▶ **YOUR TASK**
Reproduce the material below line by line, beginning with its first line and ending with the line that contains "Crop Senior Woman With Red Tulips"; leave out pictures.

▶ **SUPPLIED ENTRIES**
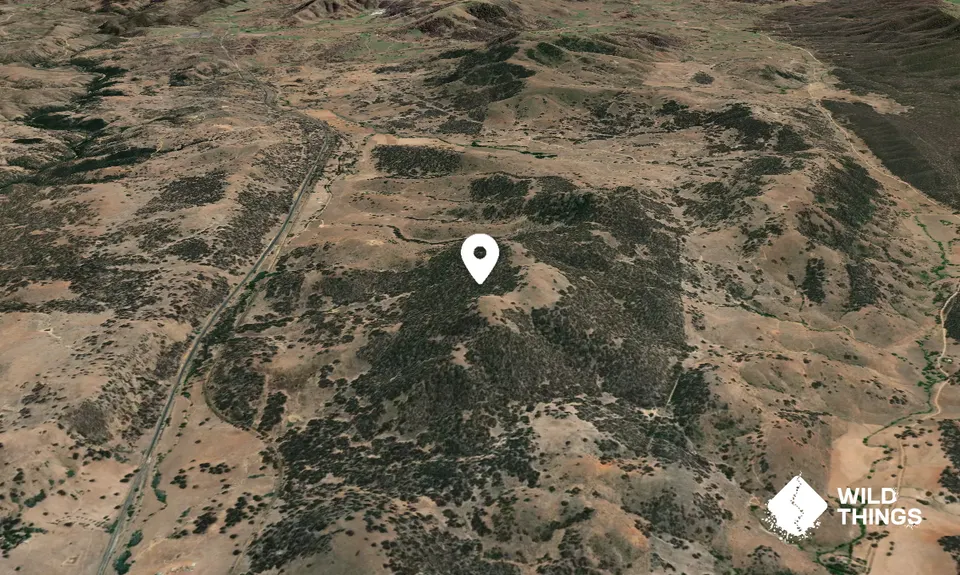 Mount Michelago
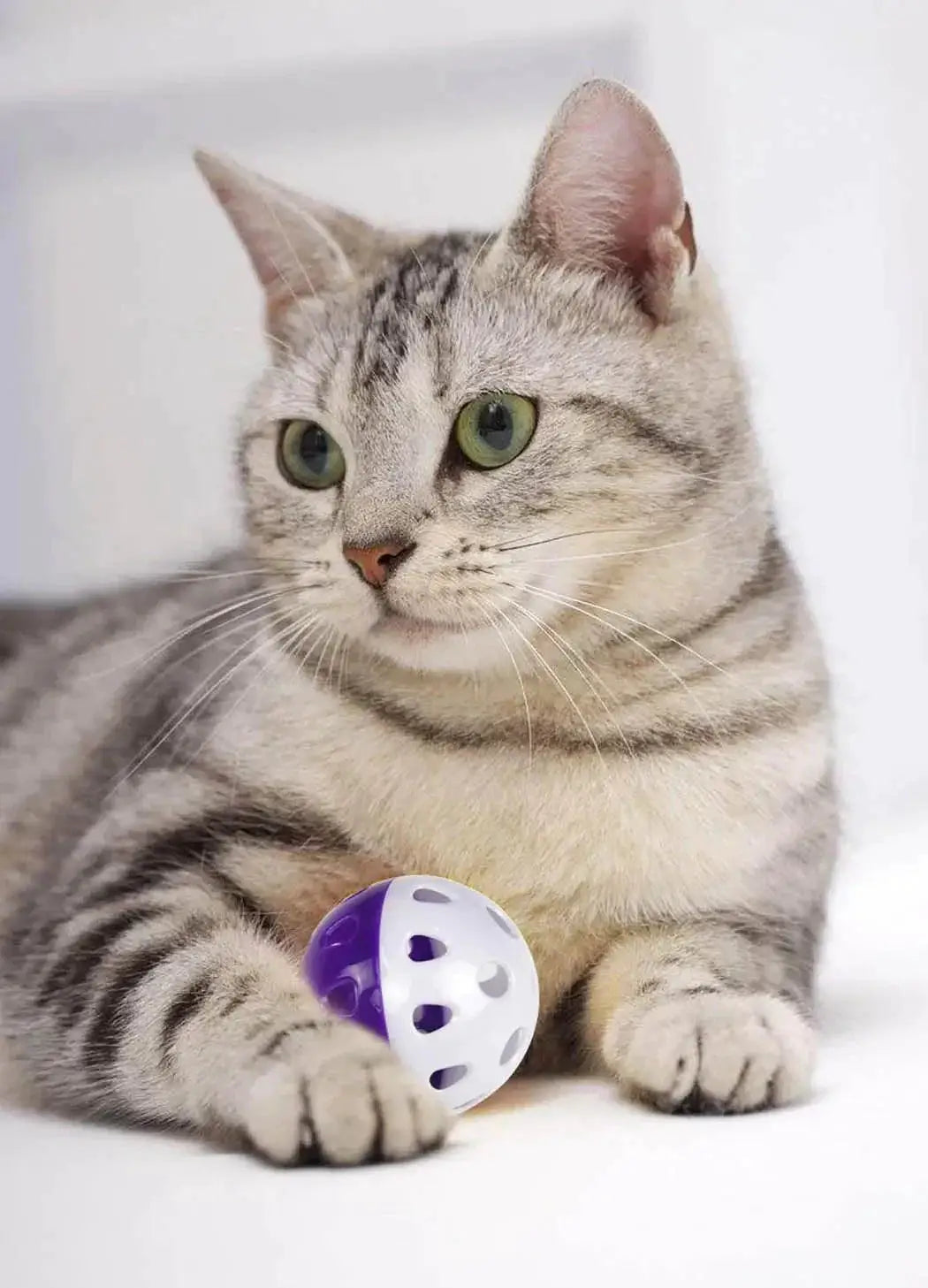 Interactive Cat Toy Set With Engaging Bell Balls For Fun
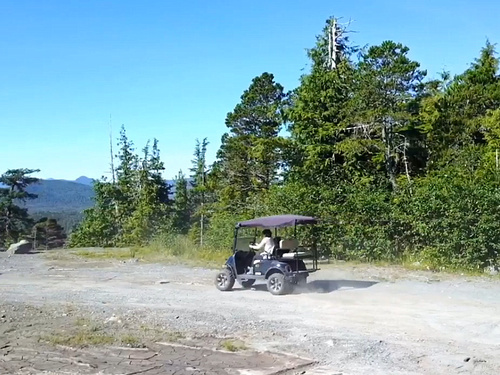 Ketchikan electric atv family Trip Prices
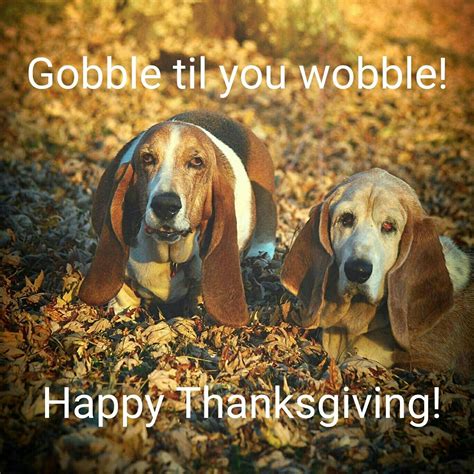Funny Thanksgiving Memes With Dogs Perpustakaan Sekolah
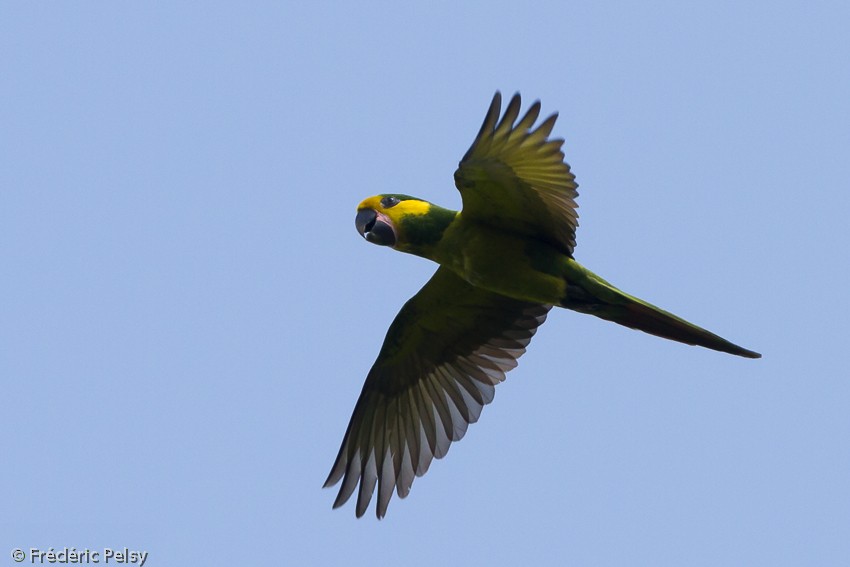 Yellow-eared Parrot - ML206165131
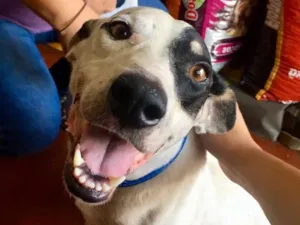 Cachorro raça SRD idade 2 anos nome Bob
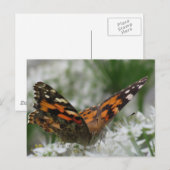 Gemäldete Lady Butterfly Postkarte (Vorne/Hinten)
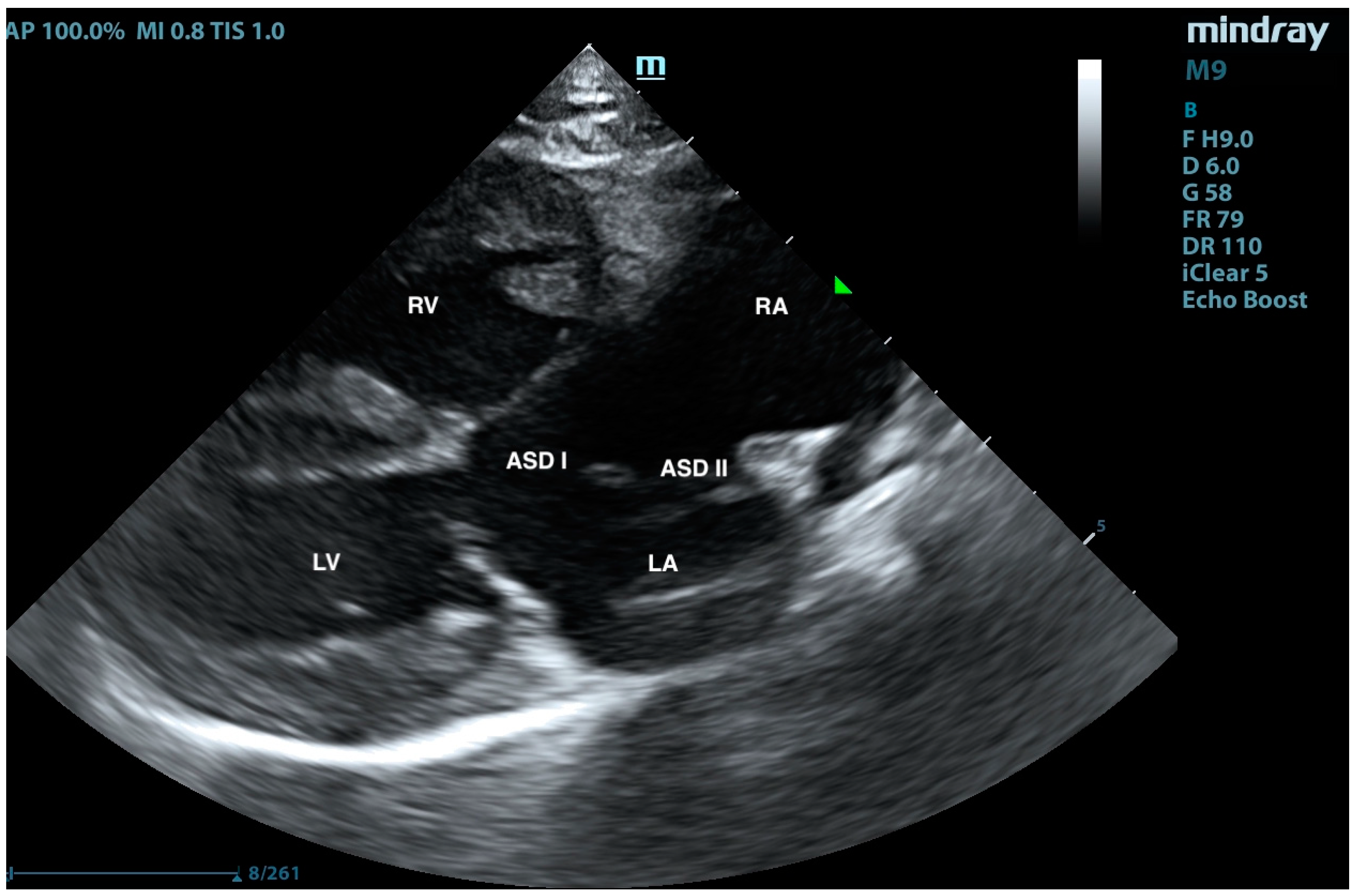 Animals 15 01044 g001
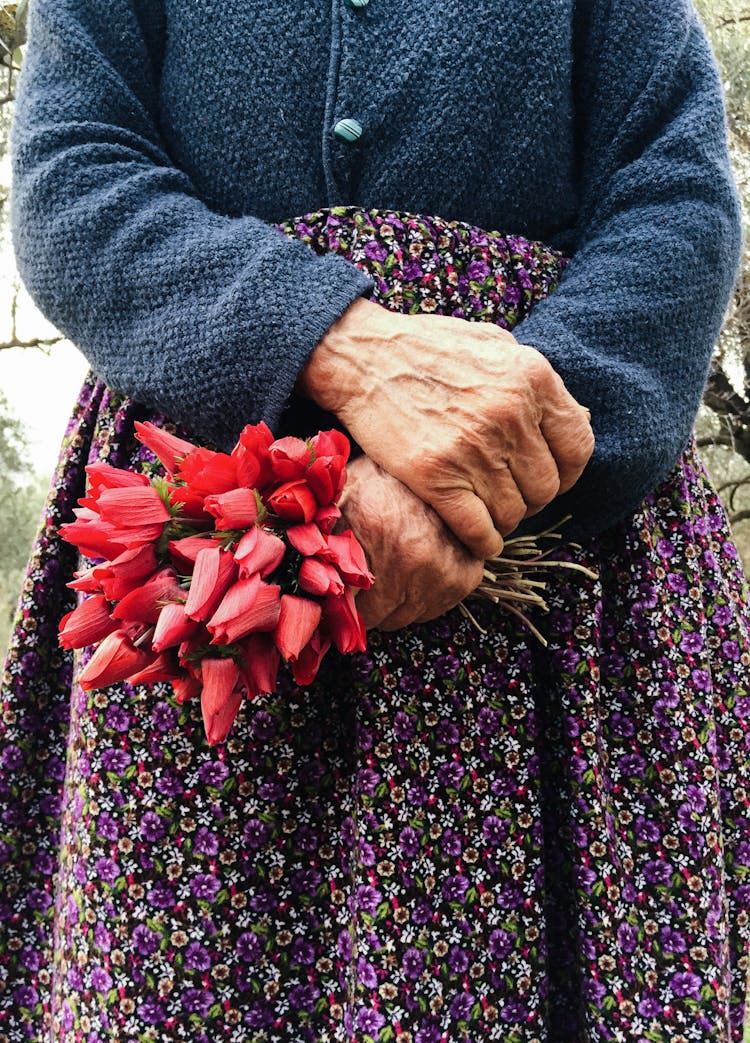 Crop Senior Woman With Red Tulips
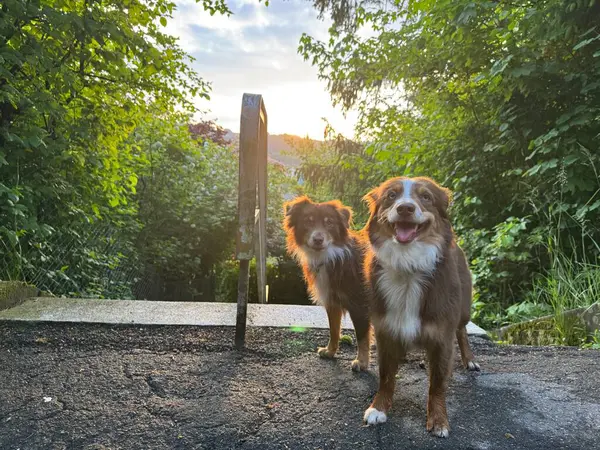 Ormanlık alanda yan yana duran iki köpek. Köpeklerden biri gülümsüyor.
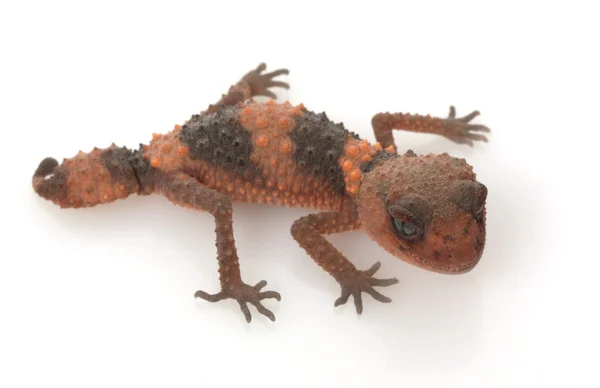 Gecko de cauda de botão lixado — Fotografia de Stock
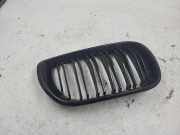 Vorderer oberer Gitter BMW 3 (E46) 320 d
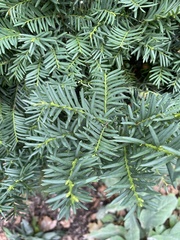 Taxus cuspidata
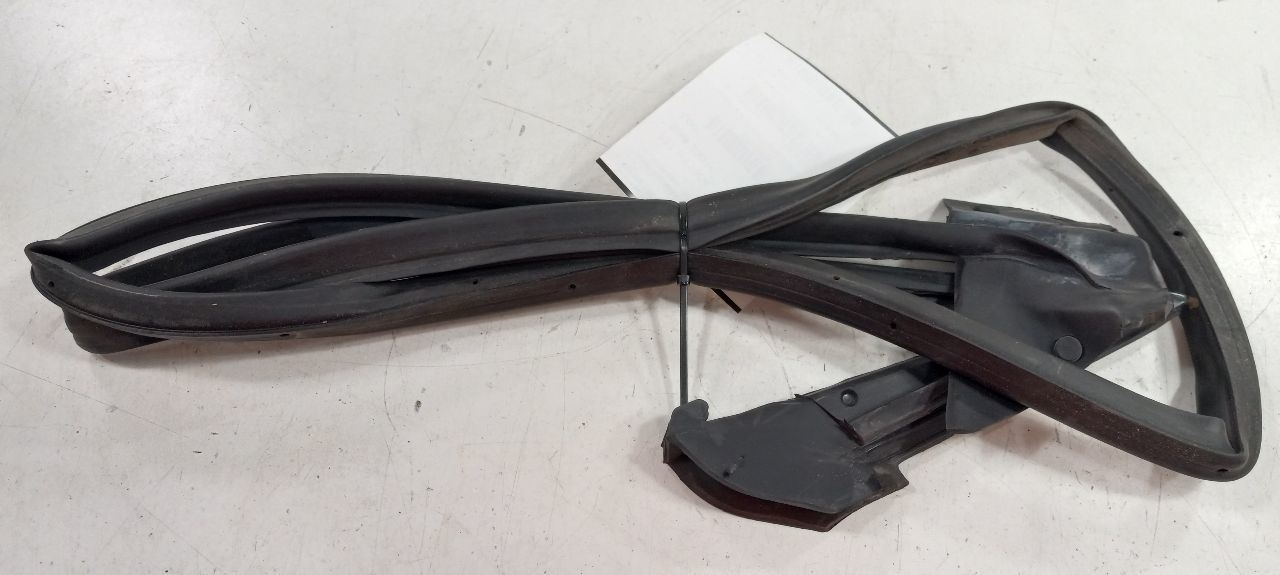 Hyundai XG350 On Door Seal Rubber Right Passenger Front 2003 2004 2005 - $49.84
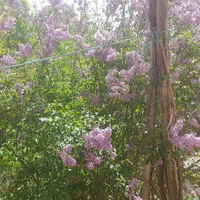 اجاره باغ روزانه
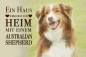 Preview: Metallschild Australian Shepherd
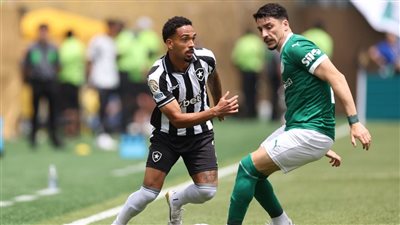 أهداف مباراة بالميراس و بوتافوجو بدور الـ16 فى كأس العالم للأندية 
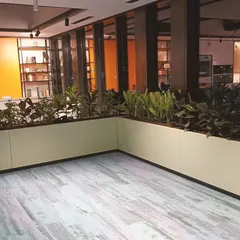 I design and install large, integrated planters that become part of the office architecture. This corner planter installation defines the space and is filled with a variety of indoor plants that create a dense, garden-like feel inside the building.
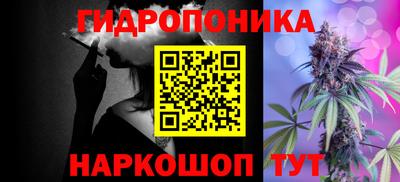 шишки Гусиноозёрск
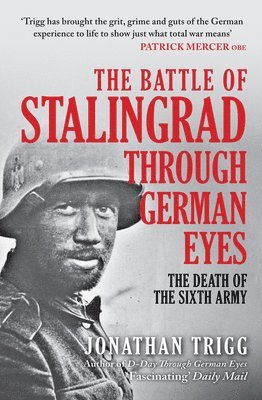 bokomslag The Battle of Stalingrad Through German Eyes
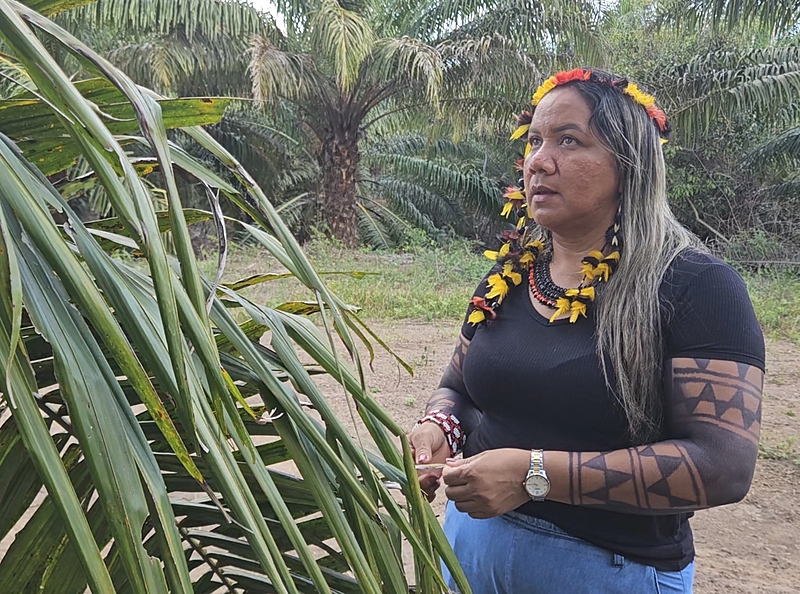 BRASIL DE FATO: Indígenas ameaçados pelo marco temporal comemoram vitória no STF: ‘agora dá para respirar’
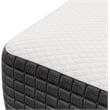 Modway Aveline 10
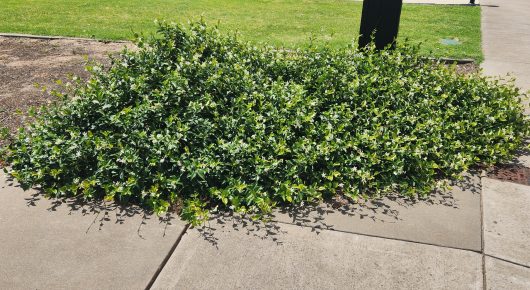 Trachelospermum 'Asiatic Jasmine'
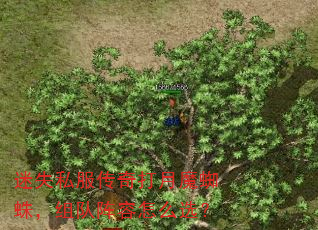 ��ʧ˽���������ħ֩�룬���������ôѡ��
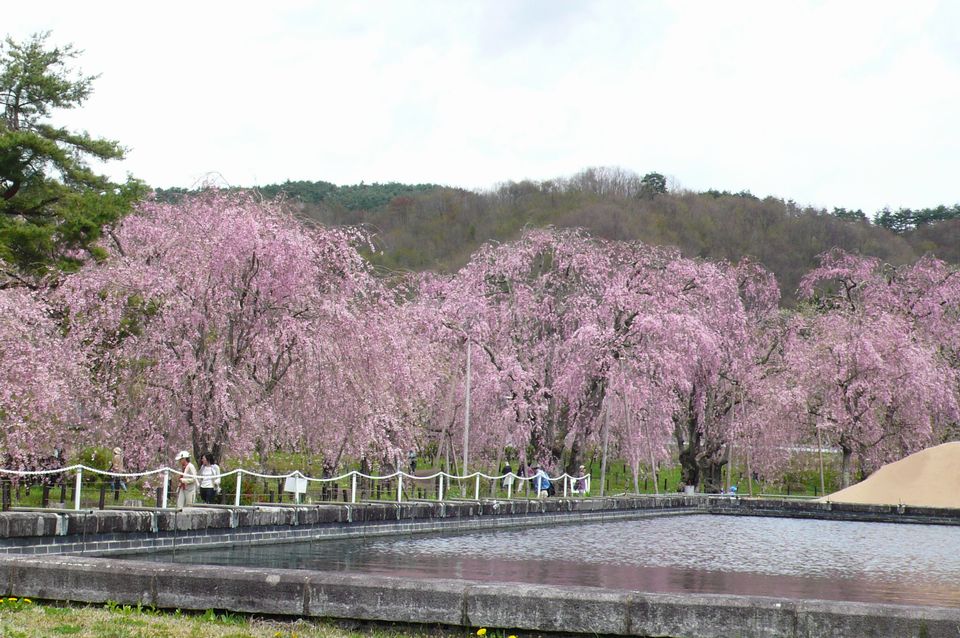 花便り Part4 ＠　岩手県　一本桜_b0113231_8563673.jpg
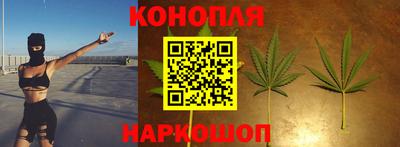 спиды Новодвинск
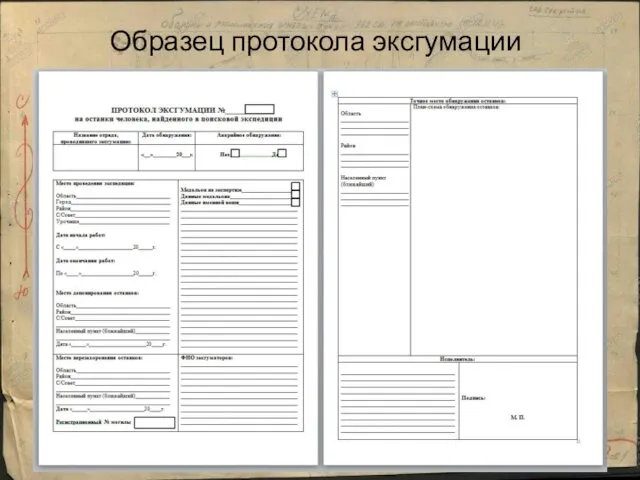 Образец протокола эксгумации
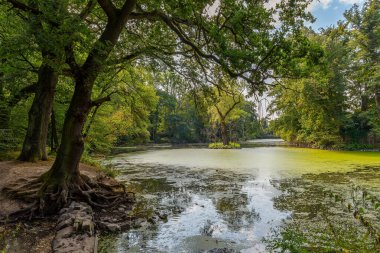 Frankfurt, Hesse, Almanya 'daki Nidda Nehri' nin yenilenmiş kolu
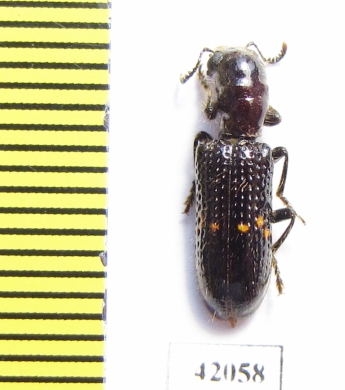 Cleridae sp.  South Africa Rep. - INSECTS-STORE.RU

▶ **SOLUTION BELOW**
 Mount Michelago
 Interactive Cat Toy Set With Engaging Bell Balls For Fun
 Ketchikan electric atv family Trip Prices
Funny Thanksgiving Memes With Dogs Perpustakaan Sekolah
 Yellow-eared Parrot - ML206165131
 Cachorro raça SRD idade 2 anos nome Bob
 Gemäldete Lady Butterfly Postkarte (Vorne/Hinten)
 Animals 15 01044 g001
 Crop Senior Woman With Red Tulips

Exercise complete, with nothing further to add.